■ **AIM OF THE TASK**: Skip the pictures. Output only the lines below starting at the line with "For example, when" and ending at the line with "And then to", both ends included, exactly as they are.

■ **INFORMATION SHOWN**:
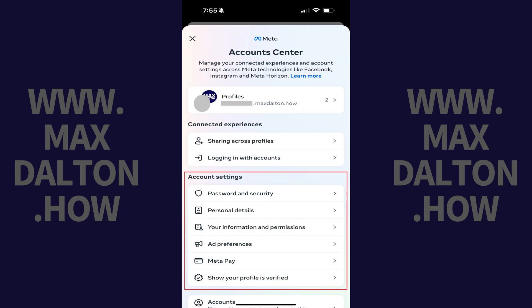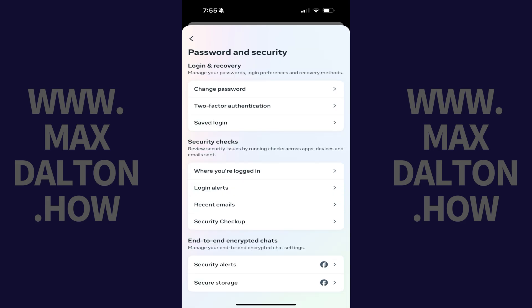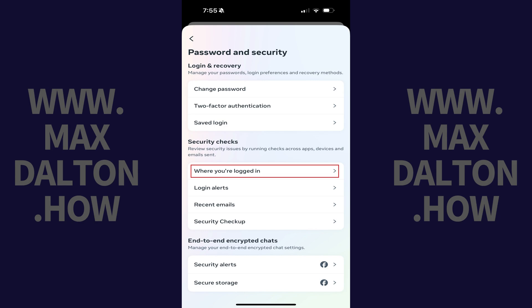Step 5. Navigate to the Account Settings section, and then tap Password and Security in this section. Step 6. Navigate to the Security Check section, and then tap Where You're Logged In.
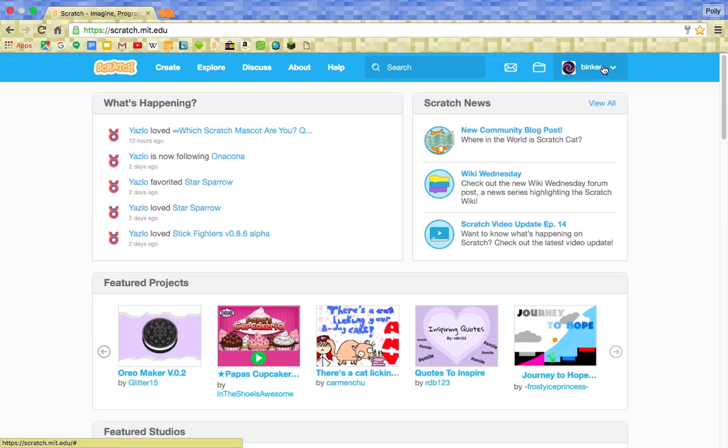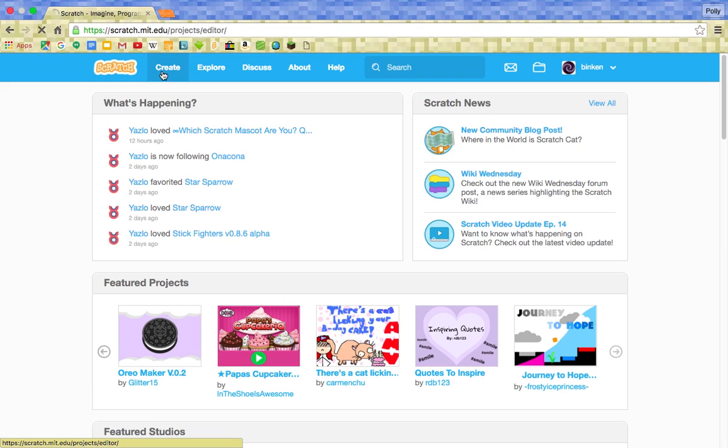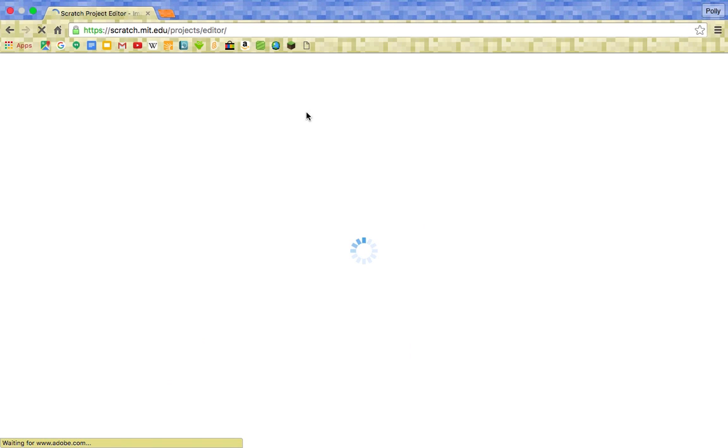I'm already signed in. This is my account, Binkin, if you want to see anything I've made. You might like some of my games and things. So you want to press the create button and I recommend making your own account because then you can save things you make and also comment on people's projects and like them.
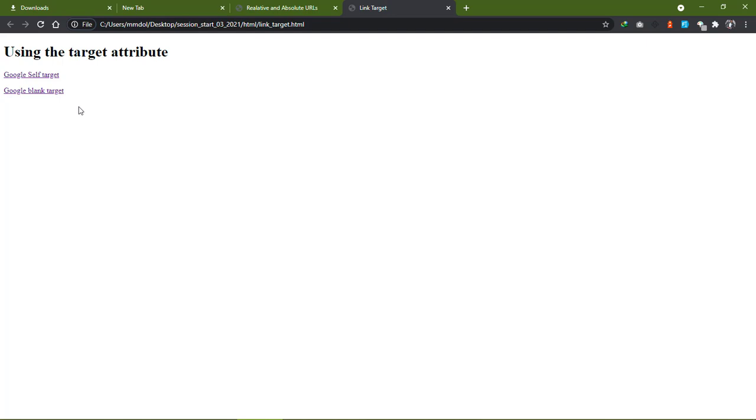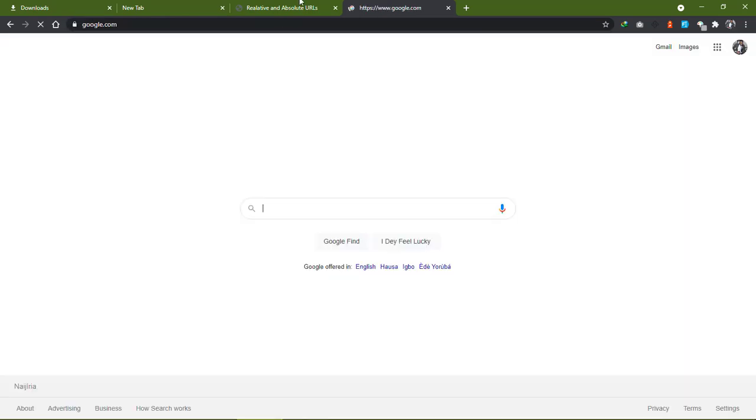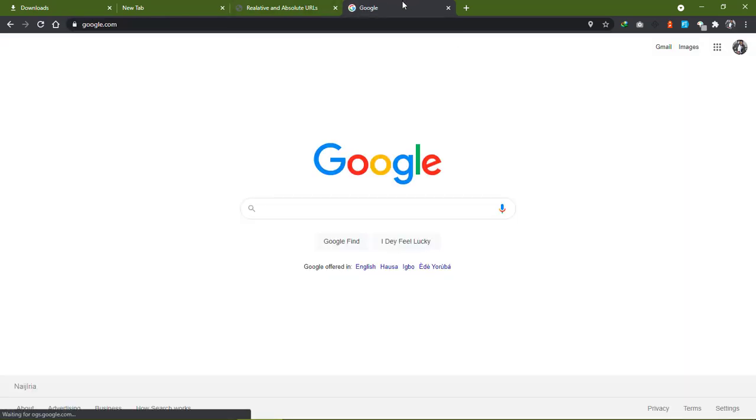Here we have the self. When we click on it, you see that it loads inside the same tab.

==

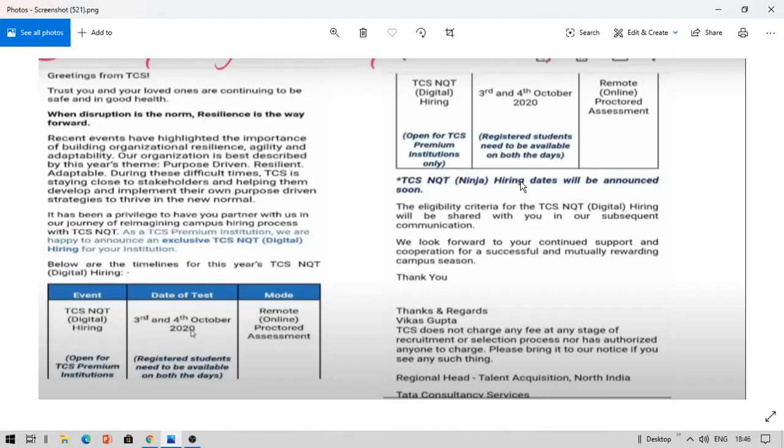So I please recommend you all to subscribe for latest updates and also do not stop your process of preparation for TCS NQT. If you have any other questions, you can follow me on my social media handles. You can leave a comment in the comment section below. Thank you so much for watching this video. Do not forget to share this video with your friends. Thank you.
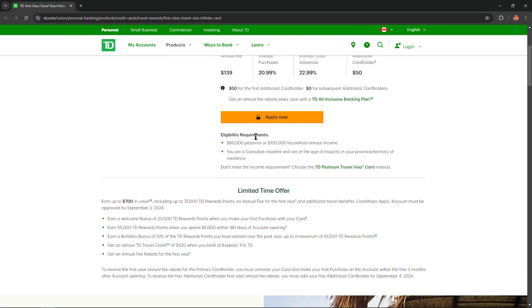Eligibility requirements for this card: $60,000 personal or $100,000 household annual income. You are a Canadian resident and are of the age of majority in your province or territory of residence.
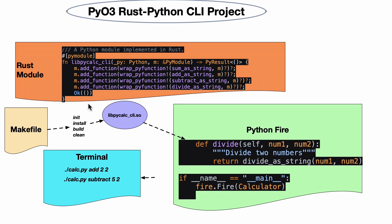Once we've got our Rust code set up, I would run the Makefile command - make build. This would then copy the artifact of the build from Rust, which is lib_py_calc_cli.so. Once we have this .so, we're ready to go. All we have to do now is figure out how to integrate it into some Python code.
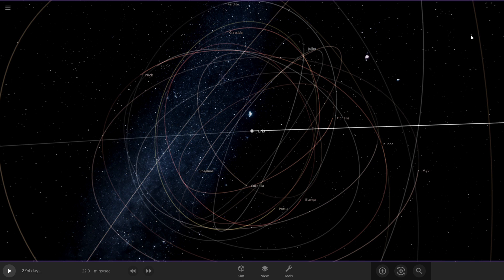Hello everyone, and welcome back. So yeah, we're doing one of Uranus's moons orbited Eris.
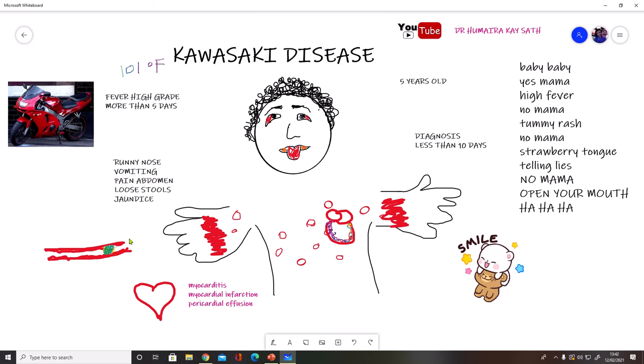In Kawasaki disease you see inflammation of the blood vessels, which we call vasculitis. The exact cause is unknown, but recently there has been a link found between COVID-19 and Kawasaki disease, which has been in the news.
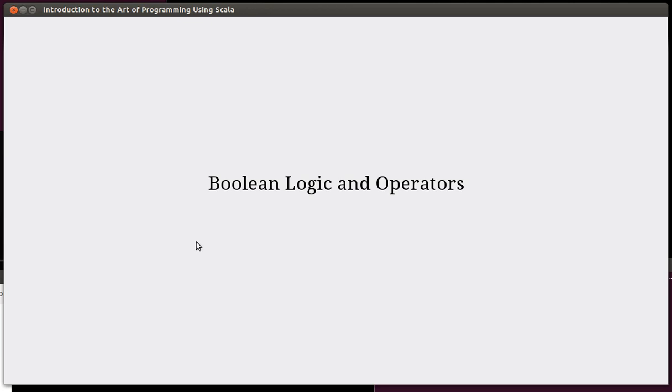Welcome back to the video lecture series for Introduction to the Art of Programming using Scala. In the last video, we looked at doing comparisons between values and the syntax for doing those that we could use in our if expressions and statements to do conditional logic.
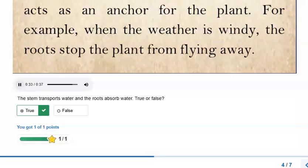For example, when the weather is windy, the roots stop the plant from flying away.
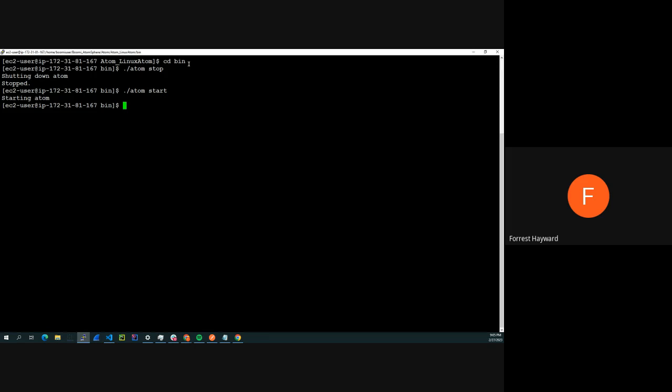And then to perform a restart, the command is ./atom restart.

---

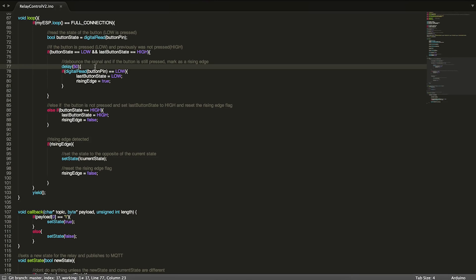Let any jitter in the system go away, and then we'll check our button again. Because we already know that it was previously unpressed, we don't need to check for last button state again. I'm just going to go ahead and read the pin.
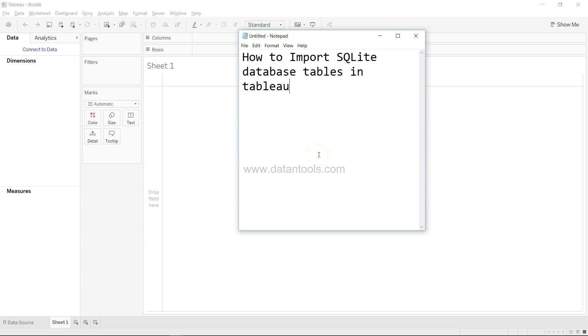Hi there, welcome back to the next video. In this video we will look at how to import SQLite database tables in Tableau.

■ **SOLUTION FOR THIS PROBLEM**:
For example, when the weather is windy, the roots stop the plant from flying away.
And then to perform a restart, the command is ./atom restart.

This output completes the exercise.